Sumamente mortificada doña Panoplia le preguntó a la pequeña: “Dime, buena niña: ¿quién te pidió que hicieras esto?”
“Mi papá” —respondió la chamaquita. Volvió a preguntar, enojada, la copetuda dama: “¿Y qué esto no lo puede hacer tu padre?” “No —respondió la chiquilla—. Tiene que ser el toro”…
La señora reprendía a su hija. “¡Eres una tonta! —le decía—. ¡Siempre te pedí que guardaras tu virginidad bajo siete llaves, y ahora me sales con que estás embarazada!” “Compréndeme, mamá —se justificó la muchacha—. ¡Mi novio es cerrajero!”..
El pretendiente pidió la mano de su novia al padre de ésta. “Debo advertirle, joven —le dijo con gran sinceridad el señor—, que mi hija tiene un defecto”. “¿Qué defecto es ése?” —preguntó el solicitante, inquieto.
“En realidad no es un defecto grande —lo tranquiliza el padre—. De hecho es un defecto muy pequeño: un niño de tres años’”…
La libertad consiste en la capacidad de escoger. Todo aquello que limite esa aptitud limitará también la libertad. Los monopolios de bienes o servicios vulneran la libertad humana porque limitan la posibilidad del hombre para escoger entre dos o más bienes o dos o más servicios. Cuantas más marcas de jabón tenga una sociedad, será más libre. Cuantas más compañías telefónicas tenga, o más sistemas de televisión, o más empresas de suministro eléctrico, o más cementeras, más libre será una sociedad.
Los monopolios, públicos o privados, atentan contra el bienestar de una comunidad en la medida en que anulan la capacidad que sus miembros han de tener para elegir. Hacen lo mismo que las dictaduras.
Los mexicanos pensamos que tenemos libertad. Quizá la tenemos, pero limitada en muchos ámbitos. Estamos llenos de monopolios por doquier. Y dejen ustedes por doquier: por todas partes. Algunas veces esos monopolios se encubren o disfrazan, pero no dejan por eso de ser monopolios.

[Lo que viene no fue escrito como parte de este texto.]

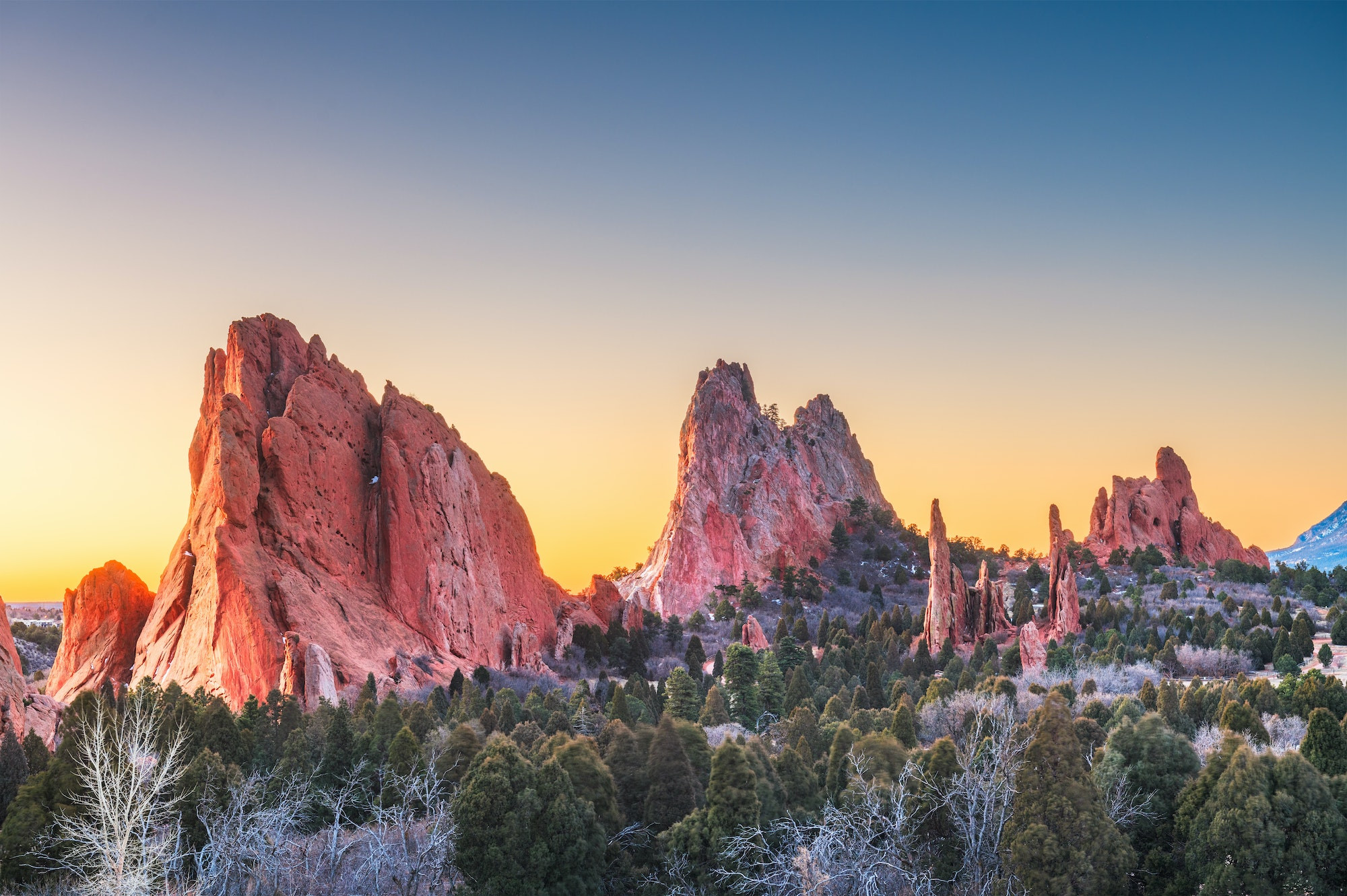 Top 5 Pediatric Dentists in Colorado Springs CO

La falta de competencia conduce a la incompetencia. El mundo está llamando a nuestras puertas. Escuchad: “Toc toc toc toc”. Imposible no oír ese llamado. Los monopolios son símbolo del subdesarrollo. Están por eso condenados a correr la misma suerte de muchas cosas que ayer formaron parte de la vida diaria, y que ahora son ridículos anacronismos: el corsé, las bigotera, el rapé; la borcelana, tibor, perica, necesaria, taza de noche o bacinica; las polainas; el polisón…
Todas esas cosas desaparecieron. También deberían desaparecer los monopolios. Si desaparecieran, la libertad sonreirá y arrojará su gorro frigio a la altura en señal de júbilo. Quizá yo no esté ahí para ver eso, pero a’i les encargo el gorro frigio…

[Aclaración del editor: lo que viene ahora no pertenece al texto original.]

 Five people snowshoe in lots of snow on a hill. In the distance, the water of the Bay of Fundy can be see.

El cuentecillo final que ahora viene es una romántica evocación de los años cincuenta del pasado siglo. El muchacho y su novia paseaban en el automóvil de él. De pronto el chico dio una vuelta sin avisar. Un conductor que iba atrás le grita indignado: “¡Saca la mano, cabrón!” Exclamó compungida la muchacha: “¡Te lo dije, Libidio! ¡Ya nos vieron!”— Saltillo, Coahuila.